● **Problem to solve**: No pictures go into the copy. Write out exactly the lines below from the one containing "6 Pcs in 1 Set" through the one containing "Kit de Cozinha".

● **Data excerpts**:
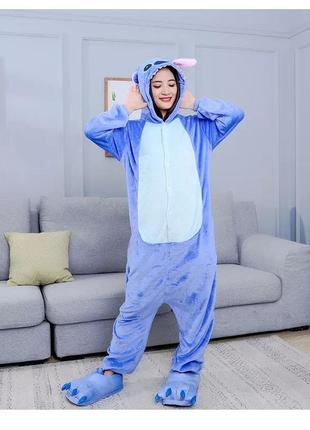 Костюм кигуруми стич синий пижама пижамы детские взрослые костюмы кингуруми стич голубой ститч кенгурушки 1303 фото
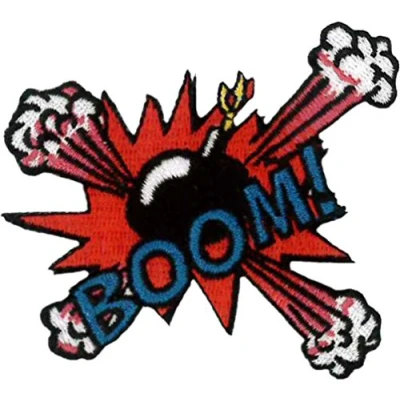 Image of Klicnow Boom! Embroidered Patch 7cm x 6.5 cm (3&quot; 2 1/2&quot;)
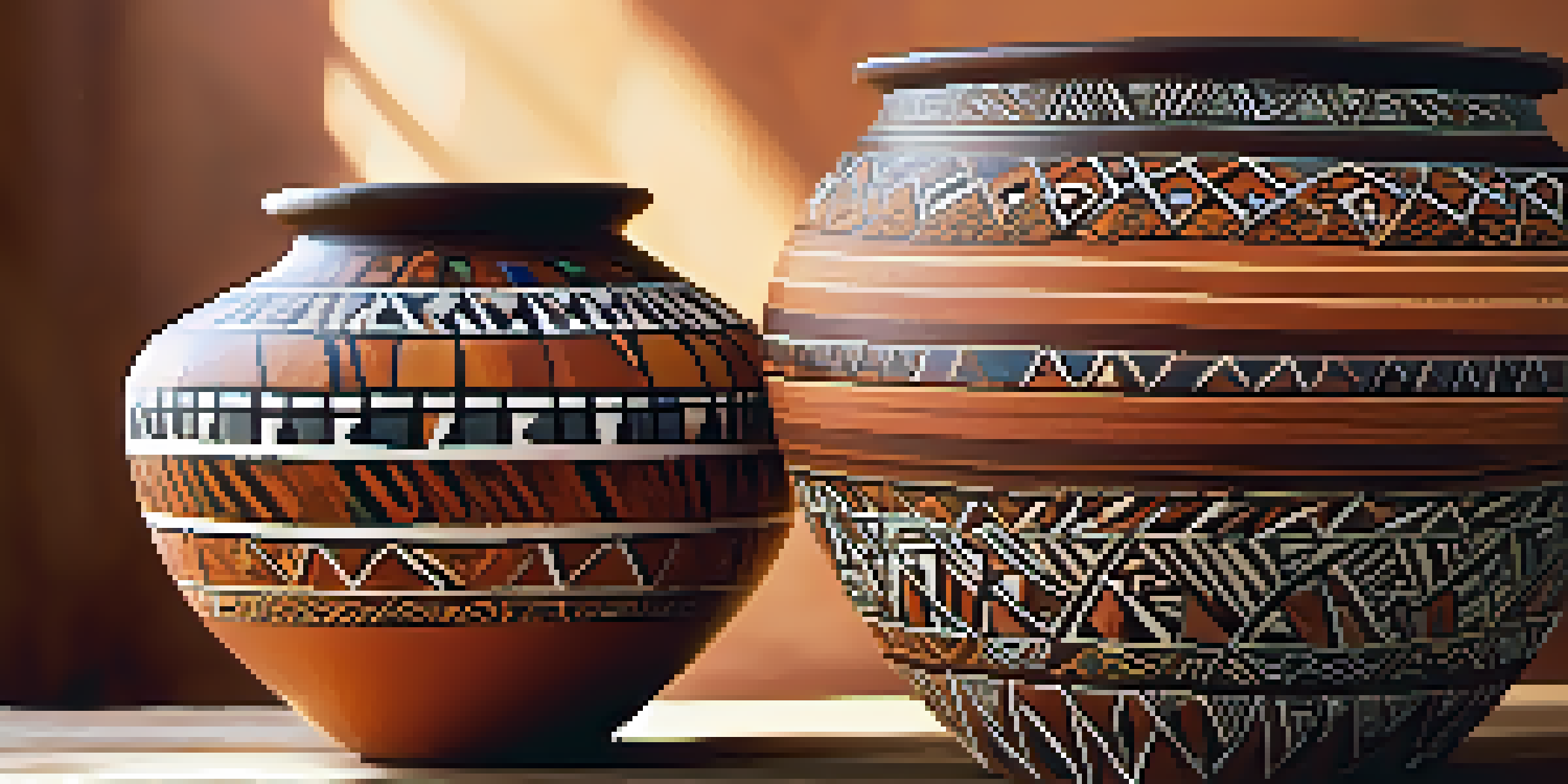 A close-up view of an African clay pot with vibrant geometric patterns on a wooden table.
---
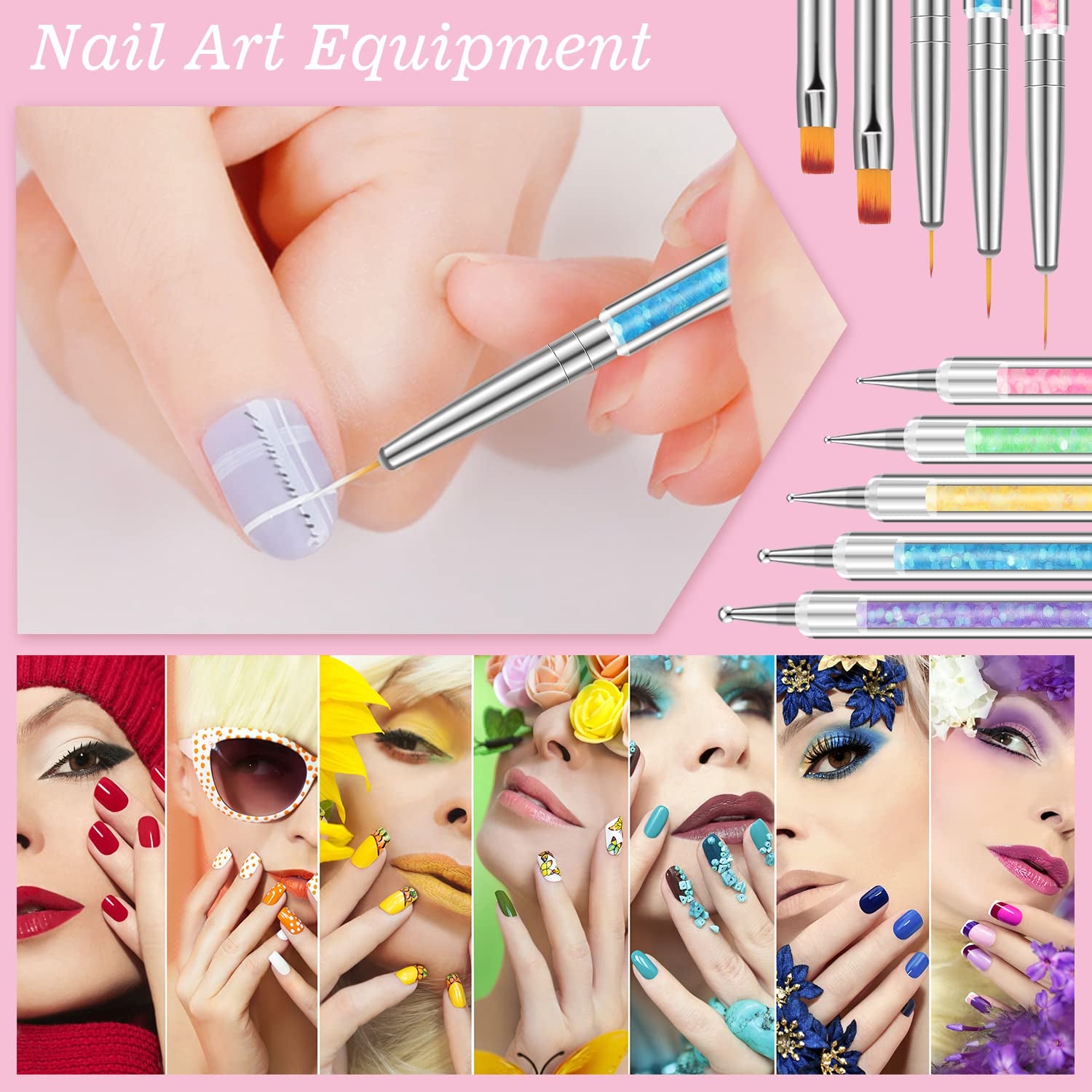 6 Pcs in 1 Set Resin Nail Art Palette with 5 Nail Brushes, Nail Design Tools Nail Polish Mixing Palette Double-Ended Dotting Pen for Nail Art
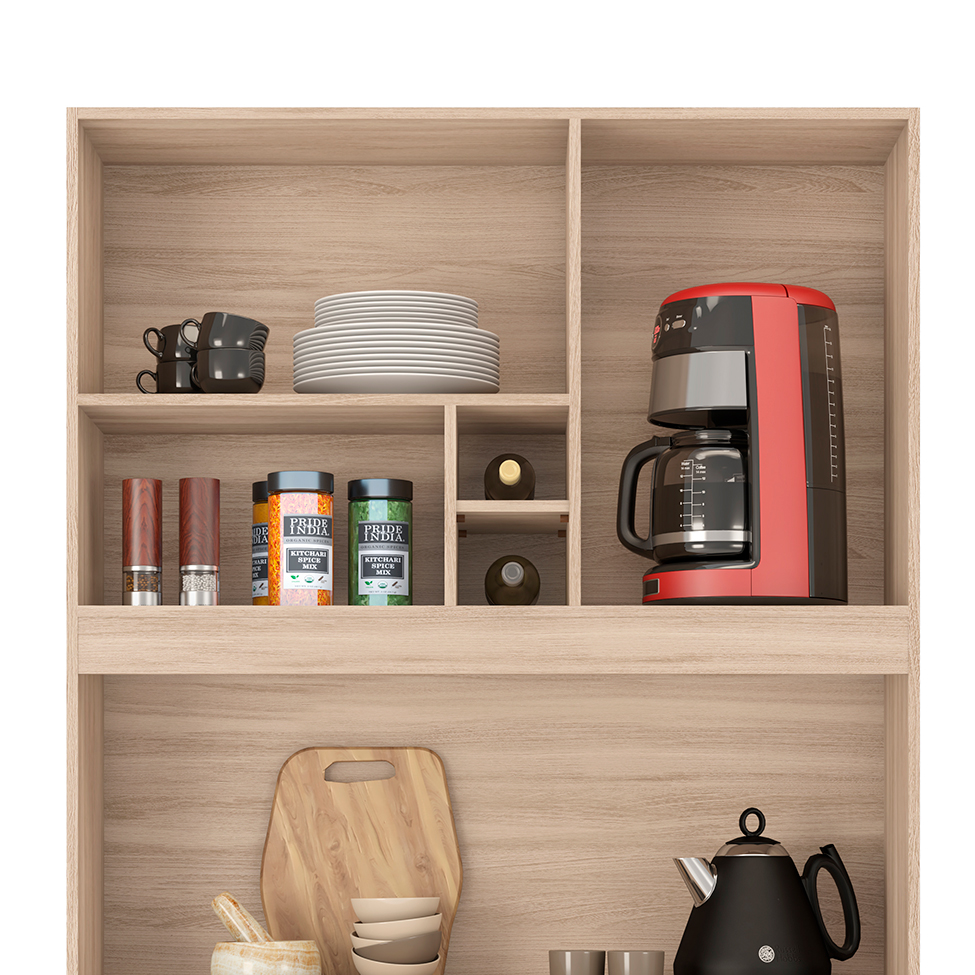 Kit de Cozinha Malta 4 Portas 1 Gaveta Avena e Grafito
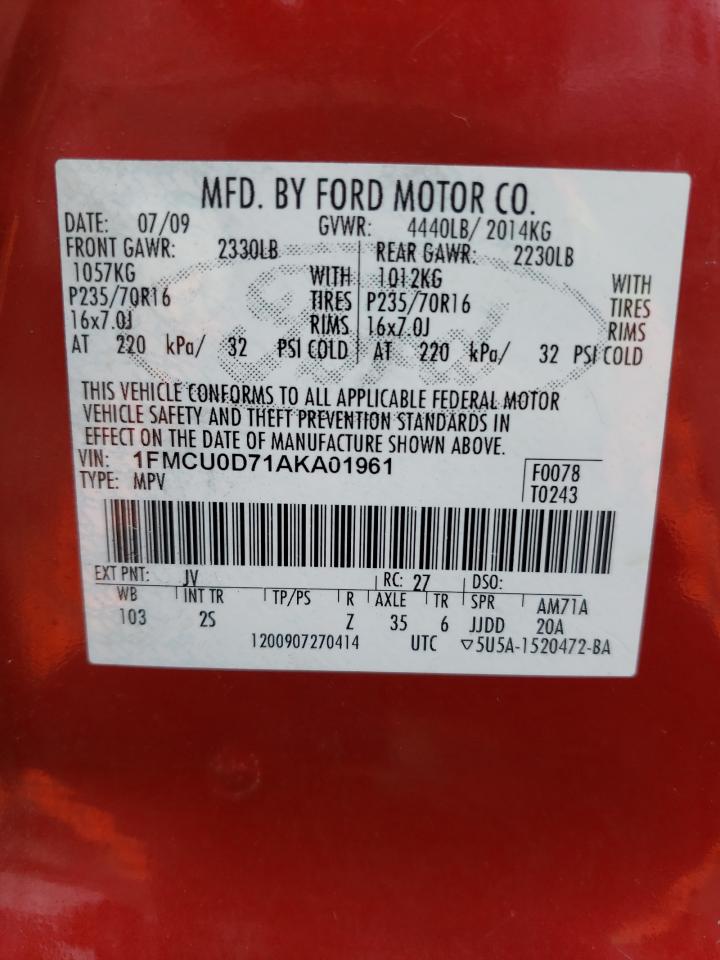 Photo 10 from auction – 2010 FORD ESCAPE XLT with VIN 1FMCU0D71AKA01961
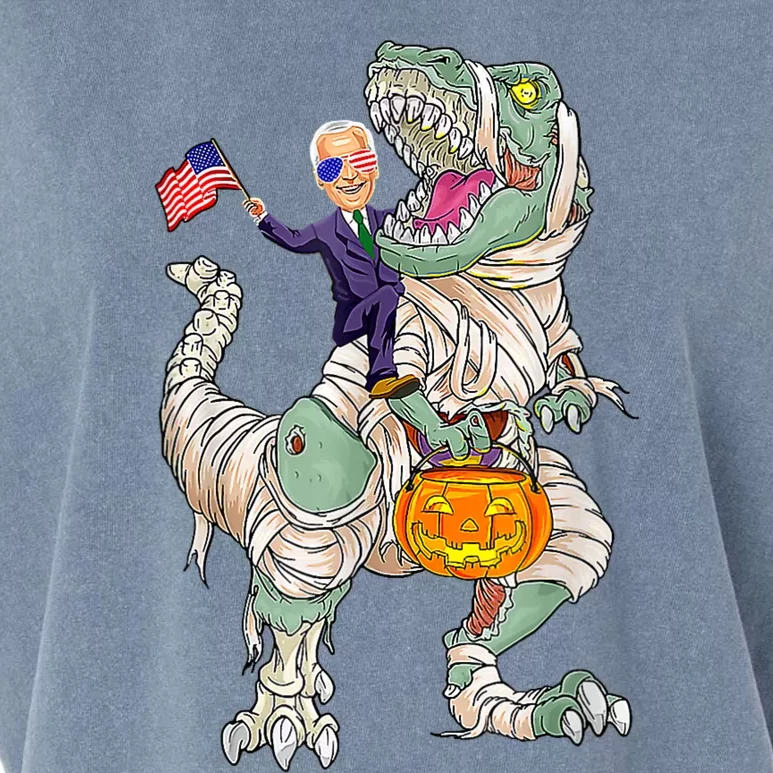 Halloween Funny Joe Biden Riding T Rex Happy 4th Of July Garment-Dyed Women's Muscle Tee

● **Task solution**:
 6 Pcs in 1 Set Resin Nail Art Palette with 5 Nail Brushes, Nail Design Tools Nail Polish Mixing Palette Double-Ended Dotting Pen for Nail Art
 Kit de Cozinha Malta 4 Portas 1 Gaveta Avena e Grafito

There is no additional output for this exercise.